Here are the highlights of what I wanted to say about beating Google at
search. Note: I actually didn’t get the
chance to say these things at the session because it spun out in a different
direction. But, had I had my way, I
would have made these observations.
1. It’s not about search. I am
convinced the future is going to be less about search and more about
location-aware, context-sensitive, relevance detection … published to the user
in real-time. This will happen via some form of Perpetual
Analytics whereby, “The data will find the data and the relevance will find
the user.” In the future users will
benefit more regularly from pushed intelligence than they will benefit from
pulled intelligence (search).
2. ‘Pixel’ sorting has natural limits.
Google page ranking is like a high-speed document sorter – each document
being somewhat like a pixel. Herein lies
the problem, there are limits as to how smart algorithms can be when treating
each document discreetly because there is a limit
to the knowledge you can squeeze out of
a pixel. Material improvement to search
is going to require extracting document content and placing this content into
context first: pixels to pictures. For
example, search for a common city name and you’ll get, say, 100k entries
containing documents with such a city name.
In five years, the same search might produce 200k document entries even
though there are exactly the same number of cities with that name in the
world. With information in context, the
search engine would know there are only three such cities and have the
documents organized based on this grouping.
The point being, as indexed documents grow, search engines which simply
rank documents are at risk of producing less relevant, or diluted, results over
time. There is a stark difference
between an ordered list of puzzle pieces and a work-in-progress puzzle with a
high degree of pre-assembly and organization.
Is it just me or are search results getting a little less perfect as time
marches forward?
3. Custom crafted lenses. One way of
producing better search results than Google would involve using personal/local
context to enhance ranking. I think of
the Google search as a lens through which we look for ordered Internet
content. Today, for the most part, this
lens is a general-purpose lens … meaning my results and your results are
similar if not the same. One way to
materially advance search is going to involve custom crafted lenses, meaning
your results are tailored to your life.
For example, if searching for souk
(market area) in Dubai, while
at the same time your calendar has entries about an upcoming trip to Dubai
4. The query is the data. Google
keeps the data about documents in its indexes and the queries elsewhere.
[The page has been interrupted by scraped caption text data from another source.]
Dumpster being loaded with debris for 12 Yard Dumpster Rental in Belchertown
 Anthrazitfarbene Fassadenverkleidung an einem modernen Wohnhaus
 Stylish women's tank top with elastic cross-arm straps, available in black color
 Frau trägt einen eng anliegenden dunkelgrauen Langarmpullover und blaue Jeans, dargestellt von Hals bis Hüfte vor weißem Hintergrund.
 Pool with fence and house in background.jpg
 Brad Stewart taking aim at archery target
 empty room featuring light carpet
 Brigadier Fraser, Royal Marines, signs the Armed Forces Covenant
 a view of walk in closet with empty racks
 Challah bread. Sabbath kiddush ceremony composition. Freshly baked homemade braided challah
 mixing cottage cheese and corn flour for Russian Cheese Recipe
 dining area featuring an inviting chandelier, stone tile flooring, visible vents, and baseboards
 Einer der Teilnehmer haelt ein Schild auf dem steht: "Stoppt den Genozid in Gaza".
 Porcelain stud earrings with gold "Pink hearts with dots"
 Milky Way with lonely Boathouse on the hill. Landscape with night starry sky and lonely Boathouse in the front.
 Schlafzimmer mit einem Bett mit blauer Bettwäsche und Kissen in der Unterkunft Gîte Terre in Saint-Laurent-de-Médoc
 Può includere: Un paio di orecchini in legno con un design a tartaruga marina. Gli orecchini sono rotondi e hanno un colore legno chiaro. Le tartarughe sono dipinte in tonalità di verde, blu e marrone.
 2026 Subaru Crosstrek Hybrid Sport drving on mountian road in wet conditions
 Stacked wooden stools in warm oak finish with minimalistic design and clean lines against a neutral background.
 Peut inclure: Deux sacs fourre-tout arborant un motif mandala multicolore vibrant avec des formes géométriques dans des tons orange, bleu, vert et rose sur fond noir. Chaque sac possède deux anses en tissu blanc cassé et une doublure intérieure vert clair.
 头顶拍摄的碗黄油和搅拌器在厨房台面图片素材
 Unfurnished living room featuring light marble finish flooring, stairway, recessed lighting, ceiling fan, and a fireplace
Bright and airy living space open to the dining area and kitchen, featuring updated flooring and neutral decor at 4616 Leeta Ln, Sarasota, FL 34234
While
this is how most systems operate, I say the better model is to store queries
(some if not all) in the same place as the data – as if it is data – because it
is data. Some data points to documents
(URLs) and other data (queries) point to users or sessions in which the
question was asked. What is better about
this is (a) the ability to instantaneously discover new content related to
yesterday’s questions; (b) the ability to instantaneously detect when the same
questions are being asked (because the queries find the queries); and (c) when
data and queries are commingled in the same data space, the result scales very
well.
5. Bad news: Time is of the essence.
Google clearly wants to cement users to the brand, making it just too
costly for consumers to switch search engines.
As such, it will be easier to compete with Google today than
tomorrow. So hurry.
6. Good news: There is little chance Google can deliver data finds data and
relevance finds the user at ingestion speeds (item 1) and information in
context (item 2) any time soon. Two
reasons: (a) they would have to figure out how to do this and do this at scale and
this is not trivial (b) it would require substantial re-engineering, I suspect.
7. Names matter. Google’s name has
such a nice ring to it, so much so that I think that if someone develops a moderately
better mousetrap for search they will still lose unless their brand name flows
off the tongue just as smoothly.
Nothing against Google, of course. I
use it every day. It’s a great
product. Nonetheless, I think
competition is healthy and I would not mind seeing other content providers
enjoying some of that “search” market share.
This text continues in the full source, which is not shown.